Materials Adaptation, Research and Reflections
Part 2 of Getting to Know Core Knowledge

Designing a New ELA Curriculum

How Core Knowledge is different than other curriculum options

In this series, Linda Bevilacqua, President of the Core Knowledge Foundation, will share an instructional materials developer’s perspective on the current materials landscape as well as provide an in-depth look at the Core Knowledge curricular materials. If you have questions you’d like Linda to address, please submit them to ccssmaterials@studentsachieve.net.

In this post, Linda answers questions about why the Core Knowledge curriculum was created and how it differs from other curriculum options.

Why did the Core Knowledge authors decide to create this curriculum? What gaps or weaknesses in the existing instructional materials marketplace is Core Knowledge designed to address?

E.D. Hirsch, the founder of the Core Knowledge Foundation, has been writing about the causal connections between background knowledge and reading comprehension for over 30 years. Hirsch is the author of Cultural Literacy, The Schools We Need and Why We Don’t Have Them, The Knowledge Deficit, The Making of Americans: Democracy and Our Schools, and Why Knowledge Matters, to be published by Harvard Education Press in late summer, 2016.

During most of that time, we at the Core Knowledge Foundation assumed that, as the connection between background knowledge and comprehension became more widely known, major textbook publishers would, of their own initiative, undertake development of new instructional materials based on these findings. When this didn’t happen, the Foundation decided in 2007 to seek philanthropic funding so that we could develop our own exemplary early literacy program.

We were determined to make instructional design decisions based on demonstrated psycholinguistic principles and the most up-to-date research on early literacy instruction. Our initial motivation was to develop ELA materials that incorporated Hirsch’s insights about building a broad foundation of background knowledge and vocabulary, beginning in the earliest years, using a coherent, sequenced, and cumulative approach to building knowledge within and across grade levels.

An early review of the literature revealed that students’ listening comprehension far outpaces reading comprehension until early middle school.  So, we quickly recognized that we would need to leverage listening, rather than reading, as the means by which we would provide students in the earliest grades with rich academic content experience.

We were equally intent on ensuring that students encountered large doses of history and science, since the length of time devoted to ELA instruction in many classrooms — which at that time included mainly fiction text — had squeezed out the possibility of devoting any daily instructional time to these particular subjects.

How is Core Knowledge different than other curriculum options purchasers might be considering/currently using?

The early grades of CKLA use a two-strand instructional approach, with each strand intentionally independent of the other, to ensure that students learn essential foundational skills. Each day, the 60-minute Skills Strand  includes lessons to build a coherent foundation of knowledge critical to understanding what is heard and/or read. Students also participate in sixty minutes of daily instruction in the Listening and Learning Strand, during which they listen to complex text, to systematically build vocabulary and content knowledge.

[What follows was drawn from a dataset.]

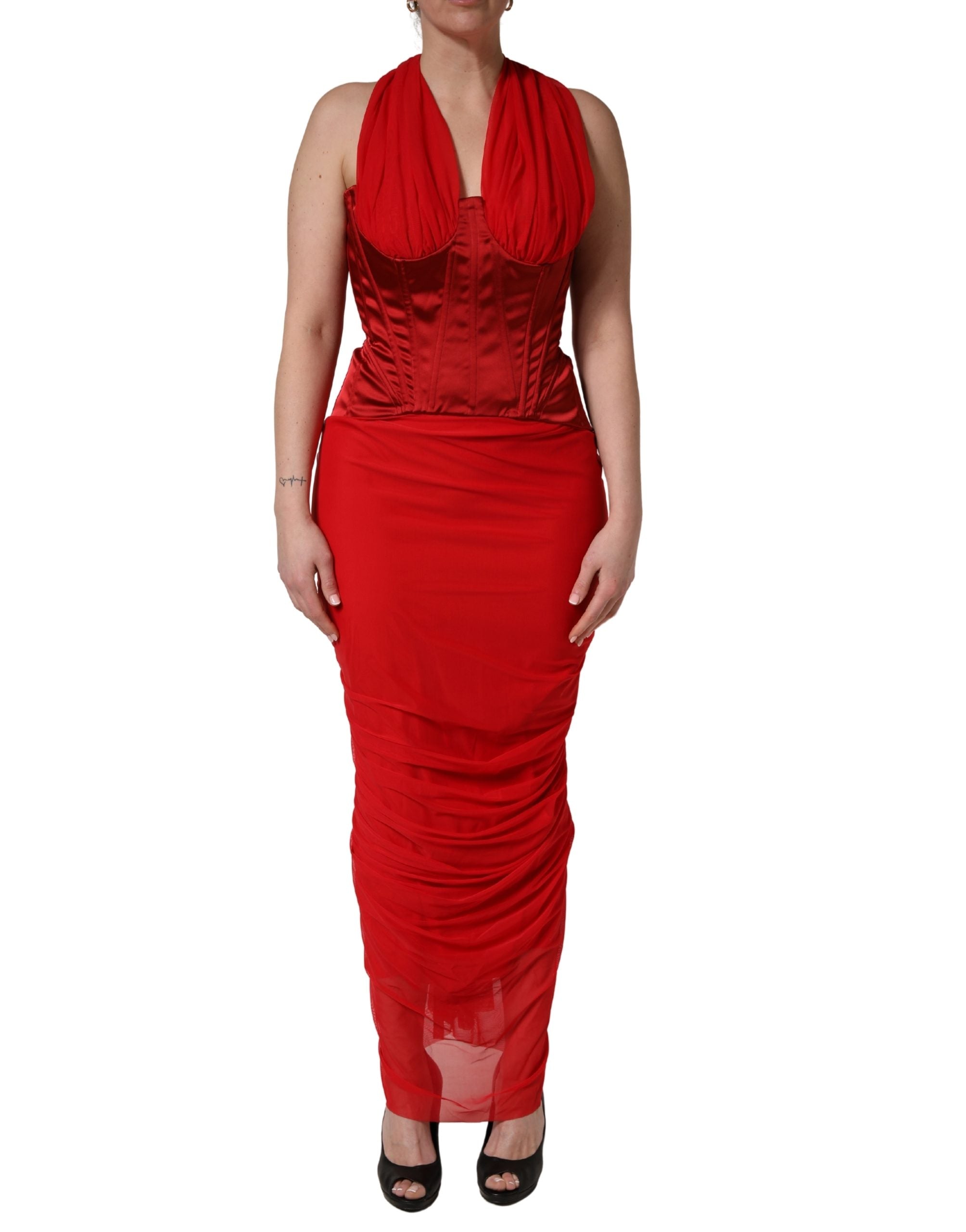 Indulge in the exquisite allure of the Dolce & Gabbana Red Halter Corset Sleeveless Sheath Dress, where luxurious silk and a flawless fit elevate your elegance.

In the Skills Strand, specific sound-spellings are taught in each grade level. These sound-spellings are clearly identified in each unit, with sufficient time allotted for students to learn, practice, and continuously review the sound-spellings.

The Skills Strand K–2 Readers are 100% decodable, which in CKLA means that students do not encounter words in a story or chapter with spelling patterns that have not yet been explicitly taught and practiced first. This approach provides intensive practice with the sound-spellings under study, while also ensuring that students are highly successful in reading each text.

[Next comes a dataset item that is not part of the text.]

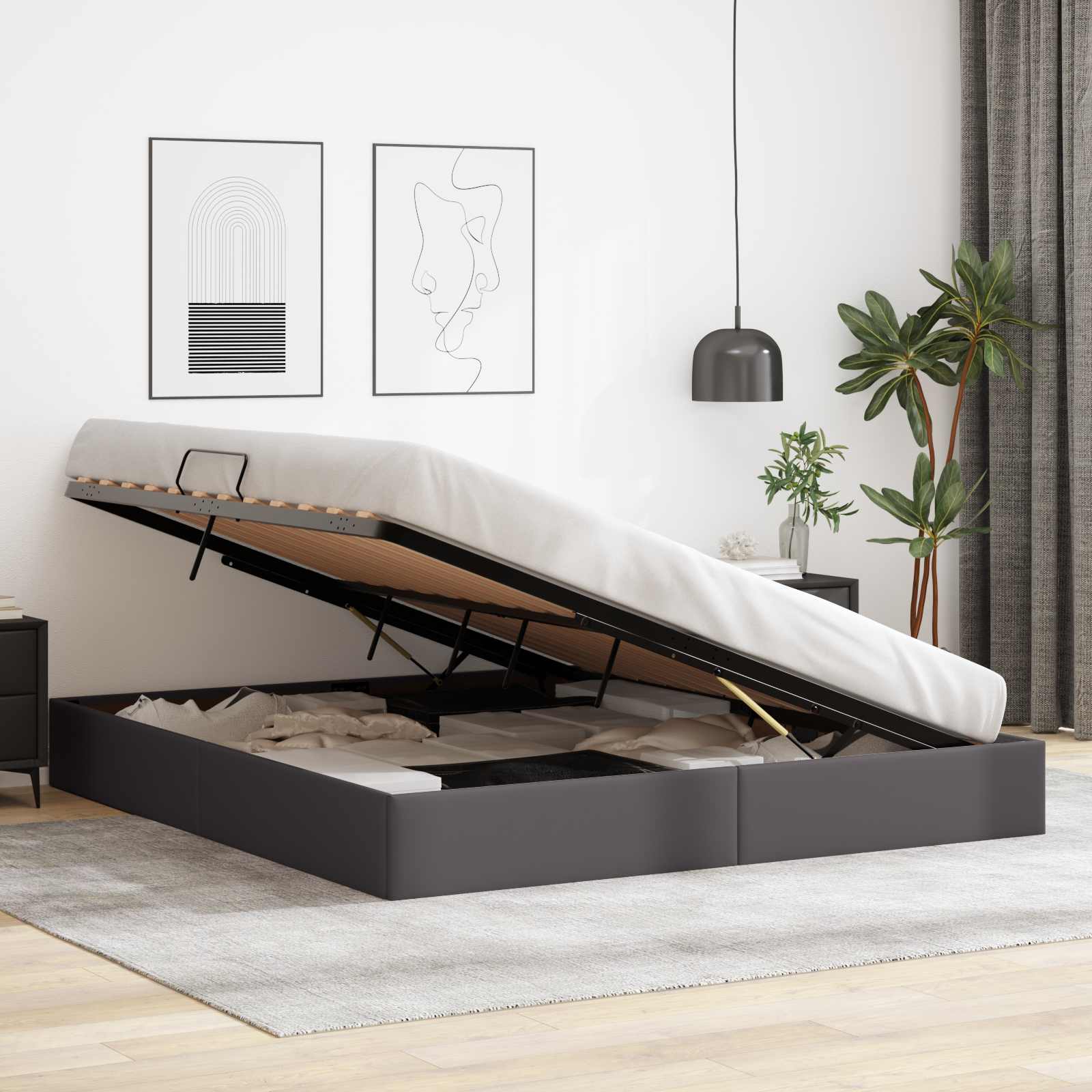 Cadre de lit ottoman Gris 180 x 200 cm Simili cuir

The readers are engaging and entertaining, written on a variety of topics and in the style of chapter books that inspire children to want to read more to find out what happens next.

In the Listening and Learning Strand, the topics that students learn about were not randomly chosen, but rather are based upon the coherent knowledge sequences derived from research by content experts, educators, cognitive scientists and others. Known as The Core Knowledge Sequence (K–8), it is available for free download. The sequence of topics within and between grade levels is designed to build cumulatively upon the knowledge that students are taught in CKLA.

CKLA Systematic Knowledge Building

One thought on “Designing a New ELA Curriculum

  1. I will be a first year teacher in a combined-grade TK-2 classroom in the fall. I want to use Core Knowledge, but it’s clear that I will need to adapt it for my mixed-age group. How could I adapt this program for my classroom of 4 to 8 year-olds while maintaining fidelity as much as possible?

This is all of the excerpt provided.